Brussels (dpa) – Germany paid a record amount into the budget of the European community last year, despite the corona crisis.
According to calculations by the German news agency, about 19.4 billion euros net was transferred to Brussels in 2020. On balance, France contributed about half with 9.5 billion euros, Italy with about 6.3 billion euros less than a third.
According to the dpa’s calculations, Poland was the largest net recipient in absolute numbers, taking 12.4 billion euros more from the EU budget than it paid out. This was followed by Greece with 5.6 billion euros and Romania and Hungary with about 4.7 billion euros each.
Poland and Hungary under attack
The numbers are particularly explosive because of the large flows of money to Poland and Hungary. Both states have been criticized for being accused of serious violations of the rule of law and other fundamental values of the EU. That is why the voices for reducing EU payments to Hungary and Poland are currently growing louder.
“If we want to prevent Hungary and Poland from developing further into autocracies, the European Commission must immediately stop paying EU money to Warsaw and Budapest,” for example, demanded German green MEP Daniel Freund. Even Parliament’s Vice-President Katarina Barley (SPD) has recently made a clear statement in this direction.
The EU commission, which is responsible for both the EU budget and the rule of law in the EU, declined to comment on the figures at the bp’s request. The Brussels government has not published the balance sheets for some time because it fears the figures could be used politically – for example by EU opponents in the net contributing countries.
Germany benefits from the EU
In addition, the Commission points out that the EU budget is very small compared to the national budget and that the benefits of EU membership cannot be derived from budgetary figures alone. For example, it is argued that the financial advantages enjoyed by exporting countries such as Germany are neglected by the free movement of goods.
You can also see this in Berlin. “No other European economy benefits as much from the EU’s internal market as Germany’s,” reads a federal government website. Germany puts a lot of money into the EU pot, but profits even more from it. How much money an EU country has to pay to the Community budget largely depends on its share of the EU’s economic power.
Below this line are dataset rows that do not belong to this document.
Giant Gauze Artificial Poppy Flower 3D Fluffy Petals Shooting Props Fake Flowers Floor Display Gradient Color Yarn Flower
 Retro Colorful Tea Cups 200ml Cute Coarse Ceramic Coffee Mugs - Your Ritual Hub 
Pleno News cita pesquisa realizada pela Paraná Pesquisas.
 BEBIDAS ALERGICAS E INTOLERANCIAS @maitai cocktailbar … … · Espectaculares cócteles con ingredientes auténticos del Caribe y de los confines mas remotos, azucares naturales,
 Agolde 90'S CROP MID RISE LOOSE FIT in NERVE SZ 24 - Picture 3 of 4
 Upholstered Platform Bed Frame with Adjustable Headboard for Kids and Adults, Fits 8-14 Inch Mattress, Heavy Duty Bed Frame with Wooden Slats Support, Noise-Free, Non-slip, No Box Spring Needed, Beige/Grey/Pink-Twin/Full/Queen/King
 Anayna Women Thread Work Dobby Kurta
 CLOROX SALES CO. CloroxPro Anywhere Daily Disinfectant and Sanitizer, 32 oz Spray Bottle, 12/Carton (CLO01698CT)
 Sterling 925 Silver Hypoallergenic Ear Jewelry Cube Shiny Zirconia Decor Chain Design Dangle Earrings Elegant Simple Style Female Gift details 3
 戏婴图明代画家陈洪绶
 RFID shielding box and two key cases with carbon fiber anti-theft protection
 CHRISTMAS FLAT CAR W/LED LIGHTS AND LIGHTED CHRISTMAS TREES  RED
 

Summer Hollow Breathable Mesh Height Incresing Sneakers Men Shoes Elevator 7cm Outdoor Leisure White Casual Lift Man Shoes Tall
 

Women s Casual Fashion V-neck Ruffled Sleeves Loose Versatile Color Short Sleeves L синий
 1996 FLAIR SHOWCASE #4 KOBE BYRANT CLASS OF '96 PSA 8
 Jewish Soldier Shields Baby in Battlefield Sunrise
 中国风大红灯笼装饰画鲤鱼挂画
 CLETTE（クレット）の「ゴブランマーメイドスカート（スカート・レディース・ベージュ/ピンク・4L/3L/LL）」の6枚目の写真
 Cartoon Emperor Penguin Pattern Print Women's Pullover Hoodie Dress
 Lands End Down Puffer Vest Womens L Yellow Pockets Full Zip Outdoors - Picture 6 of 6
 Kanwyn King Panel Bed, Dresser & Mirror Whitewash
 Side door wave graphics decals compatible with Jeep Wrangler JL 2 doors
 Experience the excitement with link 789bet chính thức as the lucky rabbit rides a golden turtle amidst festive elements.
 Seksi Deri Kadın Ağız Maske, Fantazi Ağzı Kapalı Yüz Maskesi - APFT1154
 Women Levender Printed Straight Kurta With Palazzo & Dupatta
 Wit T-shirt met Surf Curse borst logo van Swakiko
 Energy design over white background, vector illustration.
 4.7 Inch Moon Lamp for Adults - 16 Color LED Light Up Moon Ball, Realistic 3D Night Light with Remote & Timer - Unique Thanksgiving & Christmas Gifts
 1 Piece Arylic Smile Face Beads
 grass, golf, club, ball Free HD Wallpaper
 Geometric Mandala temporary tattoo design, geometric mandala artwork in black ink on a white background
Rule of law violations can lead to a reduction in funding
Does the German reading mean that everything is clear for Hungary and Poland? Probably not. Under pressure from countries such as Germany, a new instrument was created last year that allows EU countries to cut resources from the community budget if the money threatens to abuse the rule of law. According to the European Commission, the first procedures will start in the autumn.
The problem, however, is that the cuts shouldn’t actually have any negative effects on ordinary people. How this is to be achieved is as yet unclear, as the vast majority of EU spending is still paid to secure farmers’ incomes and the money to support relatively weak regions or for infrastructure projects or research also provides numerous jobs.